From a Help Document, select Print > Print Selected Topic and All Subtopics.   The resultant document is a combination of the sections with injected section numbers.   If the titles are all Latin-1 character based, this works correctly.   Documents with Unicode chars in titles results in incorrectly placed section numbers.

I believe the problem is the PATTERN_HEADING in the org.eclipse.help.webapp/org.eclipse.help.internal.webapp.data.PrintData uses a \w in the pattern to try to find the first text outside of the html tags.   According to the documentation in java.util.regex.Pattern, this matches A-Za-z_0-9, which does not match Unicode character content.

From limited research, it appears that a pattern containing \\p{Ll}|\\p{Lu}|\\p{Lt}|\\p{Lo}|\\p{Nd}]|_ might be a reasonable approximation for the \w that would include Unicode content.



Reproducible: Always
Comment 1 Brian Lillie CLA 2011-05-02 14:07:43 EDT
Created attachment 194521 [details]
Example of help file with Unicode title
Comment 2 Chris Goldthorpe CLA 2011-05-02 14:45:27 EDT
I will look into this. Can you attach a screen shot showing the section numbers in the wrong place?
Comment 3 Brian Lillie CLA 2011-05-02 14:52:16 EDT
Created attachment 194526 [details]
English version of generated content
Comment 4 Brian Lillie CLA 2011-05-02 14:52:40 EDT
Created attachment 194527 [details]
Japanese version of generated content
Comment 5 Brian Lillie CLA 2011-05-02 15:00:23 EDT
If you look at the attached en/ja files for comparison and search on topic title, you will be able to see where they exist in the English output, and that they don't exist in the Japanese output.

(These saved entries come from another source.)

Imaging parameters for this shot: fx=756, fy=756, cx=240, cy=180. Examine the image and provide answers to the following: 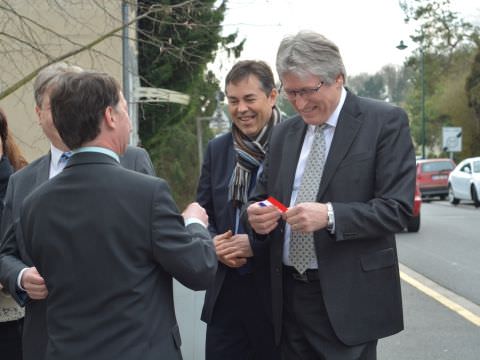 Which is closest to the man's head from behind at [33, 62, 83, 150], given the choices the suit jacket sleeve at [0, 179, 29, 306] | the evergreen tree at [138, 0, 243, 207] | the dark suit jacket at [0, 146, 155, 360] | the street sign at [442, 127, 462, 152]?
the dark suit jacket at [0, 146, 155, 360]

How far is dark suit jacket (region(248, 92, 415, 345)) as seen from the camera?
2961 mm

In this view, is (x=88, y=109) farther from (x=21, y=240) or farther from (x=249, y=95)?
(x=249, y=95)

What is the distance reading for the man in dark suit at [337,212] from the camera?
2.97 metres

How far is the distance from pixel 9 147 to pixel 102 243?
179 cm

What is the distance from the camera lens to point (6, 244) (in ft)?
10.4

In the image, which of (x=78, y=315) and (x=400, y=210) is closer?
(x=78, y=315)

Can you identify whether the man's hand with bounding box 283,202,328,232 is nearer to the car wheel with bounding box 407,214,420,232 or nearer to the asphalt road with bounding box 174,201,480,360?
the asphalt road with bounding box 174,201,480,360

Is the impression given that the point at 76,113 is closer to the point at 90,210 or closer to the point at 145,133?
the point at 90,210

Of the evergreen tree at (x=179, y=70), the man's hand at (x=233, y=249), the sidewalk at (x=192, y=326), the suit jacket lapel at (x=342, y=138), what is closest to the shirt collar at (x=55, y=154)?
the man's hand at (x=233, y=249)

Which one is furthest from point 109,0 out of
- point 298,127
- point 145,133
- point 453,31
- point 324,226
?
point 453,31

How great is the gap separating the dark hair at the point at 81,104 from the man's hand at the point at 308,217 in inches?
31.8

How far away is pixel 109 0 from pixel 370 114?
5777mm

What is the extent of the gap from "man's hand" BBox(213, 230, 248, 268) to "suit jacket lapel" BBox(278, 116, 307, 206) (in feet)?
1.33

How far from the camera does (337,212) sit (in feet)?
9.54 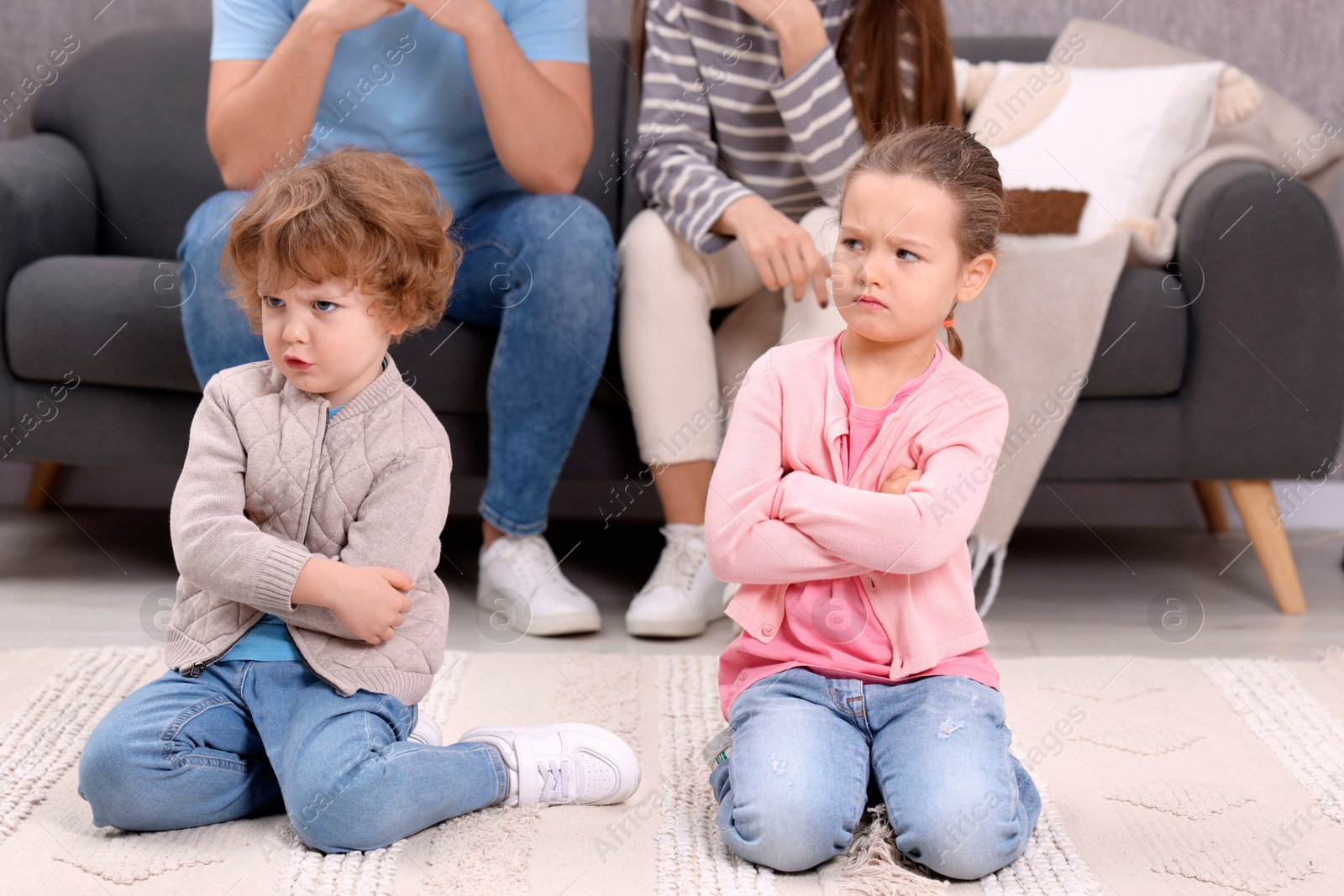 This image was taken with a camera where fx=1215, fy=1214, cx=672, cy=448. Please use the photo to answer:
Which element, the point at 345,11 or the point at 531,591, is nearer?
the point at 345,11

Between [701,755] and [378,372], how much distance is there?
1.44ft

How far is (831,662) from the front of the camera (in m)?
0.96

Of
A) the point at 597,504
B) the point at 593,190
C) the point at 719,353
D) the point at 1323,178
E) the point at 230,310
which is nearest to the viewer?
the point at 230,310

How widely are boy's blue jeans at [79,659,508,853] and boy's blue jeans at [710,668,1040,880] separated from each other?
0.22 metres

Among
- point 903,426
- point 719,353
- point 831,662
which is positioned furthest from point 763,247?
point 831,662

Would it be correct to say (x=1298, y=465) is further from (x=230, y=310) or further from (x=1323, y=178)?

Attached images from Japanese output show where section is marked (underline), and where expected (arrow)
Comment 6 Brian Lillie CLA 2011-05-02 15:00:49 EDT
Created attachment 194528 [details]
Case 1 of mismarked section
Comment 7 Brian Lillie CLA 2011-05-02 15:01:20 EDT
Created attachment 194529 [details]
Case 2 of mismarked section
Comment 8 Chris Goldthorpe CLA 2011-05-12 19:56:18 EDT
I agree with your analysis of why this is failing. Characters represented by numeric entities will also not get matched.

Other titles which would fail to get matched include

¿Qué es Eclipse?
águila
/usr/bin

I'm thinking of replacing the regular expression for PATTERN_HEADING with an expression like the one below which would match the first non whitespace character in a text element which would handle all of the above cases. I need to test this to see if there are any more characters which need to be added to the [^</s] subexpression.

<body.*?>[\s]*?([^<\s])

This is too late to get into Eclipse 3.7, targeting Eclipse 3.8.
Comment 9 Chris Goldthorpe CLA 2011-05-13 14:44:49 EDT
Created attachment 195625 [details]
Patch
Comment 10 Chris Goldthorpe CLA 2011-06-20 12:54:14 EDT
Patch committed to HEAD, Fixed.